## Assignment:
Omit every picture, then return the listing verbatim.
-------- The data
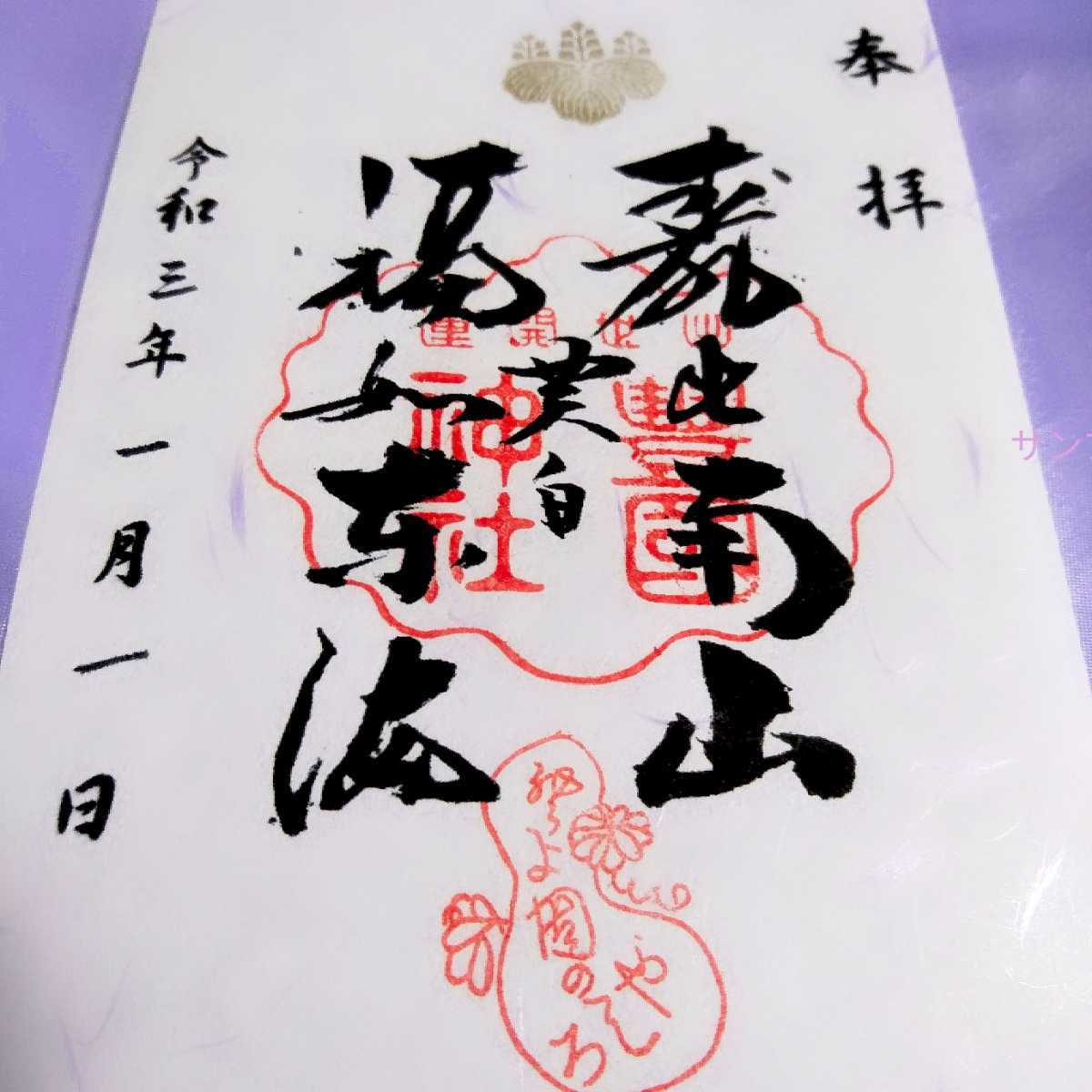 ヤフオク 限定 元日 元旦 京都 豊国神社 限定御朱印 ヤフオク 限定 元日 元旦 京都 豊国神社 限定御朱印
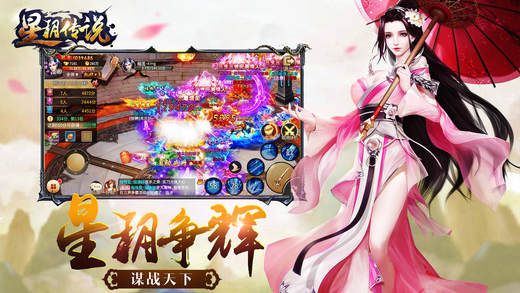 星玥傳說手游安卓最新版截圖4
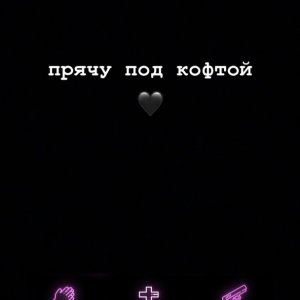 Влад Рамм — Прячу под кофтой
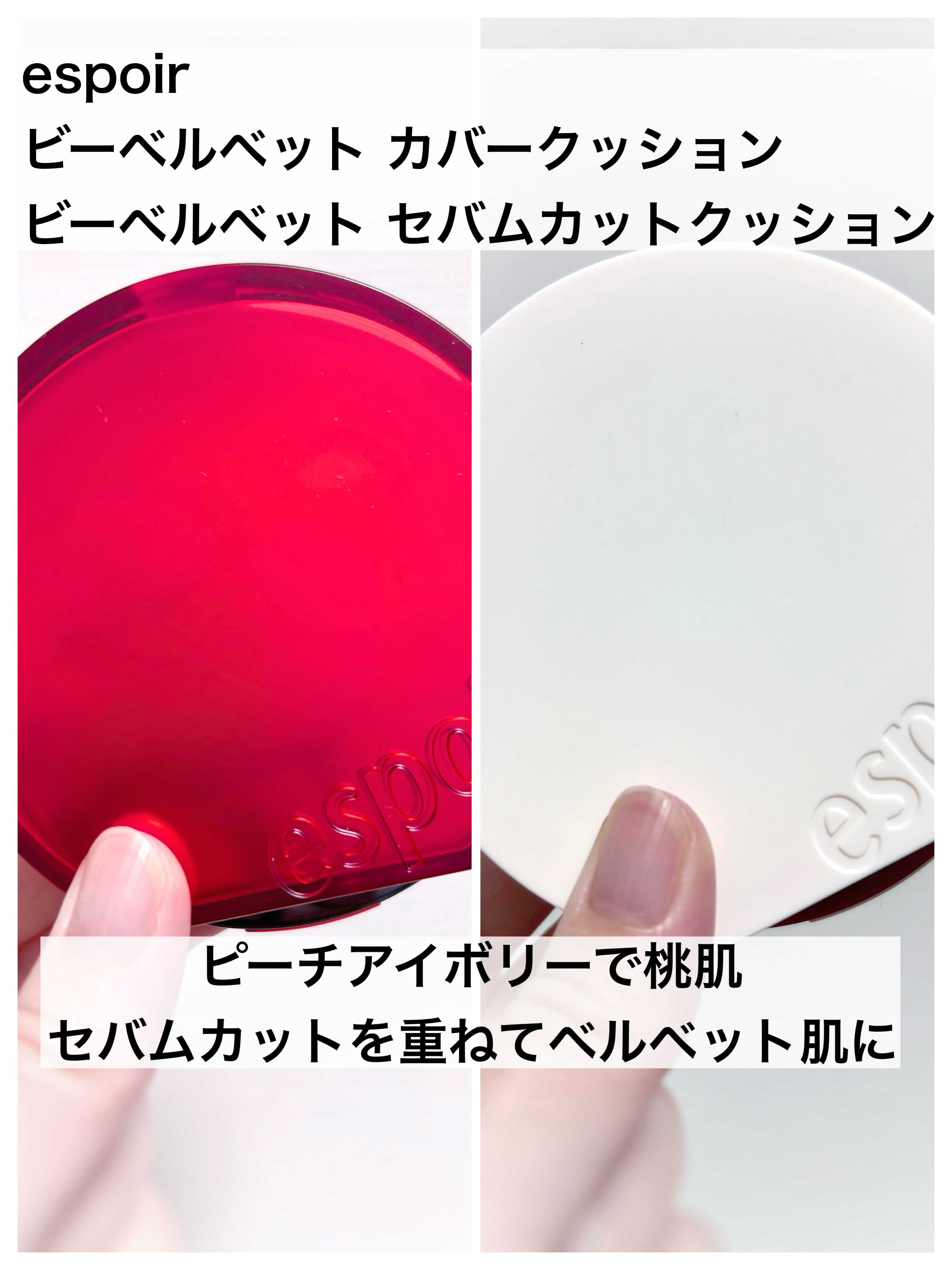 ビーベルベットカバークッション/espoir/クッションファンデーションを使ったクチコミ（1枚目）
----------------
## Task result:
 ヤフオク 限定 元日 元旦 京都 豊国神社 限定御朱印 ヤフオク 限定 元日 元旦 京都 豊国神社 限定御朱印
 星玥傳說手游安卓最新版截圖4
 Влад Рамм — Прячу под кофтой
 ビーベルベットカバークッション/espoir/クッションファンデーションを使ったクチコミ（1枚目）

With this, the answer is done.